RBC economists say soaring food and energy prices, rising interest rates and a persistent labour shortage will push the economy into a “moderate contraction” next year.
RBC economist Nathan Janzen said in an interview: “We expect growth to moderate but remain positive by the end of the year, and then we expect two quarters of decline in GDP in the second and third quarters of 2023.” This is more likely to be a base case assumption. “
Unemployment in Canada will also rise slowly, before rising slightly into next year, he said.
RBC, one of the country’s largest banks, said it expects the unemployment rate to hit 6.6 per cent in 2023, but doesn’t think it will take long to reverse the weakness in 2024 and beyond.
The unemployment rate fell to 5.1% in May, the lowest level on record.
“The labor market will continue to be fairly firm in the short term, which is why we don’t expect a downturn until next year,” Jenzen said. “While the pace of job growth will start to slow, it’s more about limited labor supply than limited demand.”
Meanwhile, Janzen said wage growth will accelerate for the rest of the year as businesses look to fill job vacancies and retain talent, while consumers continue to face high prices.
Household spending accelerated by the COVID-19 pandemic lockdown will slow as rising prices, interest rates and unemployment hit households, the report added.
RBC also expects house prices to fall by 10 per cent over the next year, reducing household net worth by more than C$800 billion ($616 billion).
RBC said it could raise interest rates by three-quarters next week, in line with the Fed’s move last month.

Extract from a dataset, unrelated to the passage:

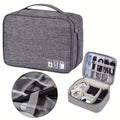 Waterproof electronics organizer bag by CJ with multiple compartments for travel cables, chargers, and digital accessories.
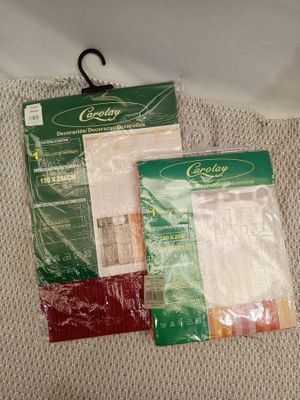two bags of food are sitting on a bed next to each other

The Bank of Canada is likely to raise rates by a similar amount in September, Janzen said, and ultimately expects the central bank to raise its key policy rate to 3.25% by the end of the year.
The central bank raised its key interest rate by half a percentage point to 1.50% in June in an effort to rein in soaring inflation. (Associated Press)
(This is an unedited and auto-generated story from the Syndicated News feed, the body of the content may not have been modified or edited by LatestLY staff)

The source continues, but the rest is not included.